• [EXERCISE DATA]
==========

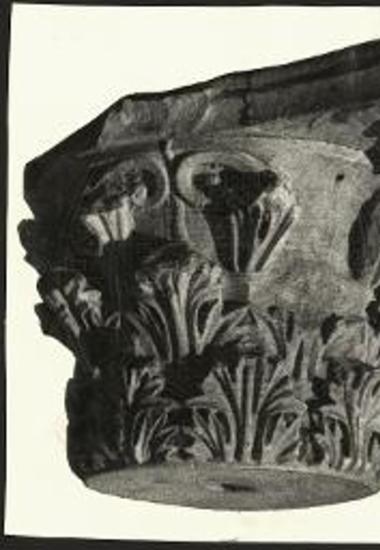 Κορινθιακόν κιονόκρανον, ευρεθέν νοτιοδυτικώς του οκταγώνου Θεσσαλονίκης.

==========

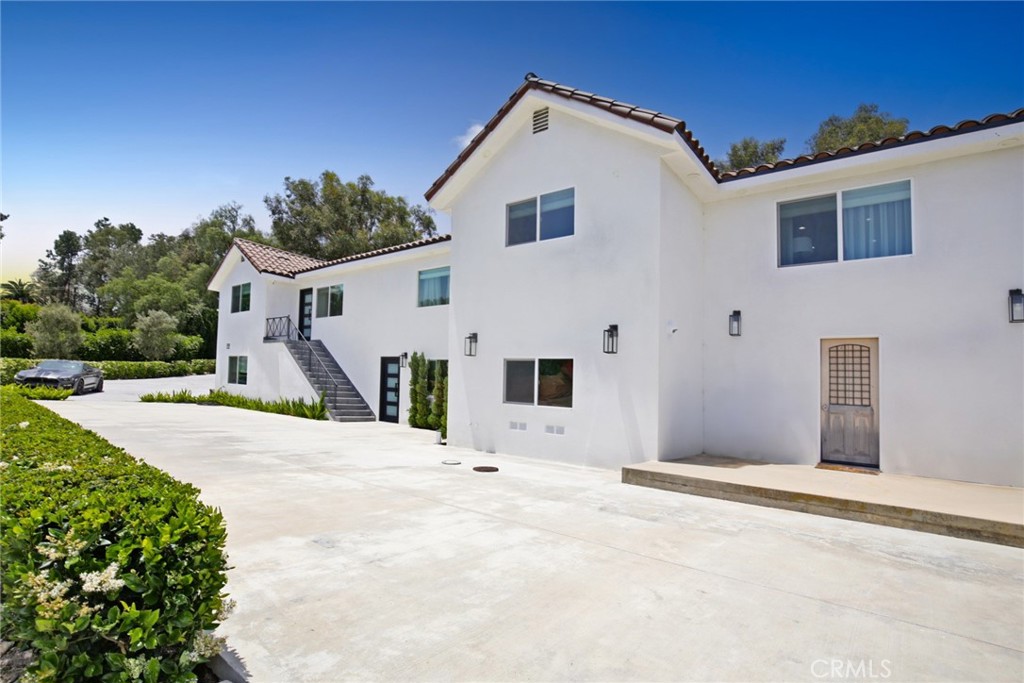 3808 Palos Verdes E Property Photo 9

==========

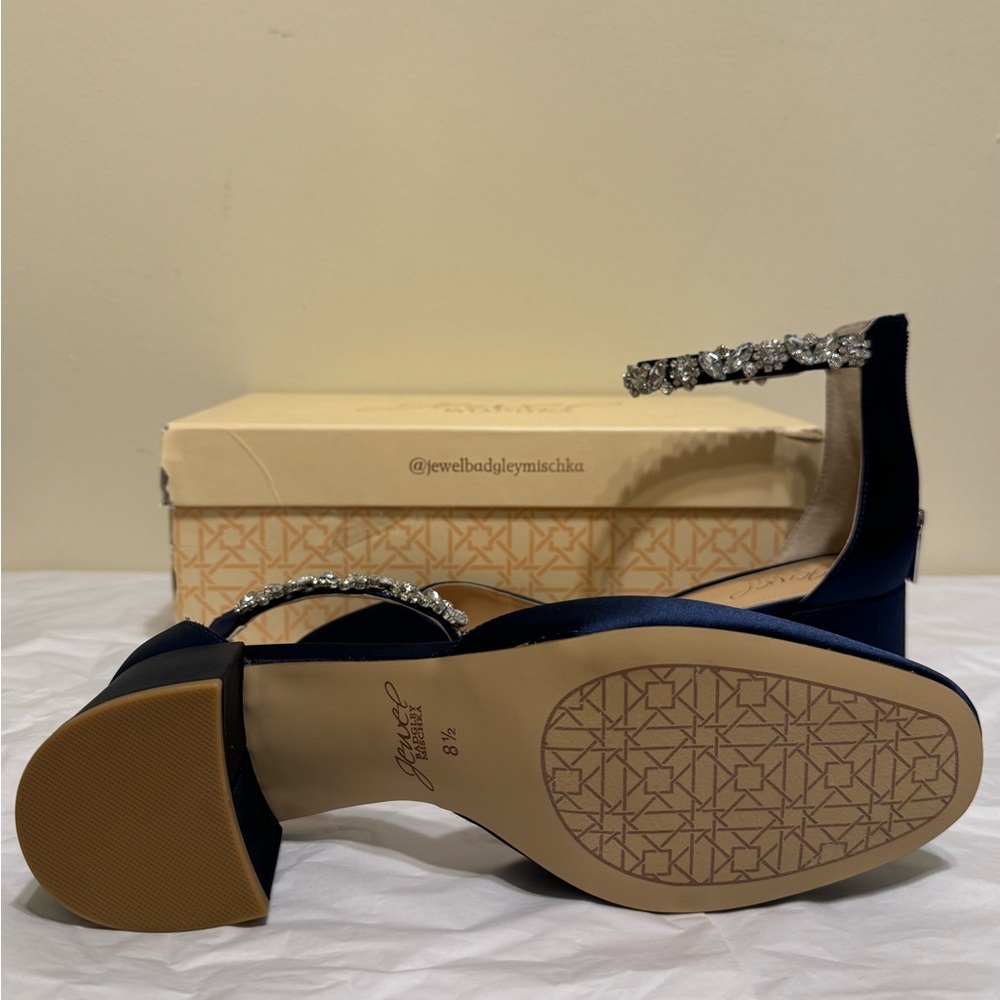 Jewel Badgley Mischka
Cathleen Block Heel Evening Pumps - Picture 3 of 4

==========

Of the records above, print only the lines from the one containing "Jewel Badgley Mischka" through the one containing "Cathleen Block Heel", inclusive and unaltered, leaving out pictures.

• [PROBLEM SOLUTION]
 Jewel Badgley Mischka
Cathleen Block Heel Evening Pumps - Picture 3 of 4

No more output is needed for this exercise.